W moim przypadku to minęło. Teraz jest równo rok od momentu gdy byłem szambie. Oboje z żoną czekaliśmy aż skończy się ten 2013 i muszę Ci powiedzieć że w tej chwili z perspektywy czasu i tego co razem wypracowaliśmy, to co się działo staje się dla mnie złym snem...
Nie ma złotej recepty na uporanie się z demonami gdy dajemy szanse, jednych atakują one kilka miesięcy, innych kilka lat...
Ktoś kiedyś mi powiedział że właśnie wtedy gdy opadnie dym warto razem zwrócić się o pomoc do kogoś kto może pomóc.
Ja się nie odważyłem, próbowałem wcześniej i tak nam doradzono że ho ho ... ale gdy wiedziałem że ona chce z szansy skorzystać w 100% to cały czas trzymałem i trzymam się tego że nie odbudowuję związku, tworzę nowy.
Na czym jest podparty?
Z całą pewnością punktem wyjścia były nasze małe dzieci, to że nigdy nie przestałem jej kochać...
Była troska, jej praca nad tym abym mógł znów jej zaufać, nowe przyzwyczajenia które wprowadziliśmy i pewne zmiany ogólno życiowe i chyba to co najważniejsze to nawet gdy było trudno to chęć spędzania czasu ze sobą...
I myślę że dopiero teraz zaczyna pojawiać się u nas "fajny czas" gdy zaczyna uwalniać się chemia, pojawia się spontaniczność i pewna autentyczna radość którą przestaje zagłuszać poczucie bólu.
Dlatego moja rada którą mogę dać każdemu kto pozostał razem - próbujcie budować wasz nowy świat...

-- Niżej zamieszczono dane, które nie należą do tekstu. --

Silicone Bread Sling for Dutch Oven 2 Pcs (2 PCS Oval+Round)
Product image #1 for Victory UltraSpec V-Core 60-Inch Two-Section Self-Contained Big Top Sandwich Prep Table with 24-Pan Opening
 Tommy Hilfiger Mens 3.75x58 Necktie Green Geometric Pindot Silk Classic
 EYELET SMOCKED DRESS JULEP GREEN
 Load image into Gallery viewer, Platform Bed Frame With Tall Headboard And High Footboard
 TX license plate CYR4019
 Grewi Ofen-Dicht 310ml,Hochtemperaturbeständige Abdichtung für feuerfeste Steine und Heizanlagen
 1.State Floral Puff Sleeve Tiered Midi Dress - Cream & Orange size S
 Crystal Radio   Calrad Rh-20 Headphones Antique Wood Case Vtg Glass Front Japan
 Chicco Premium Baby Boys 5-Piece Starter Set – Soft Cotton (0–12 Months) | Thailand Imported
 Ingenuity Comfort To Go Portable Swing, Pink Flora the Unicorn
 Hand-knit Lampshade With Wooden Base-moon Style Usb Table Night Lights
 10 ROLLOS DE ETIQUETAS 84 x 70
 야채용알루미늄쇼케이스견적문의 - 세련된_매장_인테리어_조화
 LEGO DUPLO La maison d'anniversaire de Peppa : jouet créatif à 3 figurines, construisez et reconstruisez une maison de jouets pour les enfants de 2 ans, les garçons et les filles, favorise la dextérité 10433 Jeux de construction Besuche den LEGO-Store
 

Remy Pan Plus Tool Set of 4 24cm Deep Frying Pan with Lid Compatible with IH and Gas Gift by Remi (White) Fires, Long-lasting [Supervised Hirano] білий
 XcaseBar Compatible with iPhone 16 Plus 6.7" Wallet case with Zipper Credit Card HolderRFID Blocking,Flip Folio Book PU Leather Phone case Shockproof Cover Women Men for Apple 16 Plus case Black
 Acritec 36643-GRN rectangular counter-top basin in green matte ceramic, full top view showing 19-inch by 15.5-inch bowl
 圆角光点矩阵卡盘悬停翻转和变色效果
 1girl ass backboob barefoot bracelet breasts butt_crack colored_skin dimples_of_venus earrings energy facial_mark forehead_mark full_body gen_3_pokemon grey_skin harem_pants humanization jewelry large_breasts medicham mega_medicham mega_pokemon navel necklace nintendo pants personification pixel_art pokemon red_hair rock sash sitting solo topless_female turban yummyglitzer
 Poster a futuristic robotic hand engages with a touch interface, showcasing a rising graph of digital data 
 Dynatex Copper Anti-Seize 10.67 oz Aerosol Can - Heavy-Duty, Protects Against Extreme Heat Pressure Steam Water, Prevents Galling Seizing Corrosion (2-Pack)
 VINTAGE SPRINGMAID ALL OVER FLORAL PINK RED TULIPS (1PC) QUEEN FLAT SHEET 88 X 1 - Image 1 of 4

Być może wtedy to wszystko co Cię gryzie stanie się również dla Ciebie złym snem, a chwile skradzione Tobie to było tylko tu i teraz - nic nie warta iluzja....
Powodzenia!!!
Cytat
Numlock bardzo dobrze to ujął - nasz świat ma naturę umysłu - a nasz umysł pamięta przeszłość dokładnie tak, jak pamiętamy film. Jakoś nikt z nas nie przeżywa obejrzanego kiedyś horroru - bo liczy się zawsze tu i teraz, i jakaś perspektywa, jaką mamy jeszcze przed sobą. Więc do czasu, kiedy macie przed sobą wspólną perspektywę - horror jaki oglądałaś i jaki przeżywał Twój umysł - jest tylko martwym wspomnieniem, więc dla mądrego człowieka, nie powinien mieć już innego wpływu, jak tylko jako poznana historia z wyciąganiem wniosków na przyszłość.
Owszem, w pamięci mamy obraz tamtej nieprzyjemności - jak zły sen - ale istnieje nasze tylko tu i teraz, a tamto ma teraz wyłącznie już wymiar złego snu, który zapamiętaliśmy.
To, czy chcemy cierpieć z powodu tamtego wspomnienia, zależy już tylko od nas. To, czy budując swoje cierpienie, podświadomie będziemy w ten sposób pragnęli się zemścić na bliskich - również zależy tylko od nas samych - ale jaka to zemsta: obraz cierpiętnicy dającej innym odczuwać swe cierpienia ze snu.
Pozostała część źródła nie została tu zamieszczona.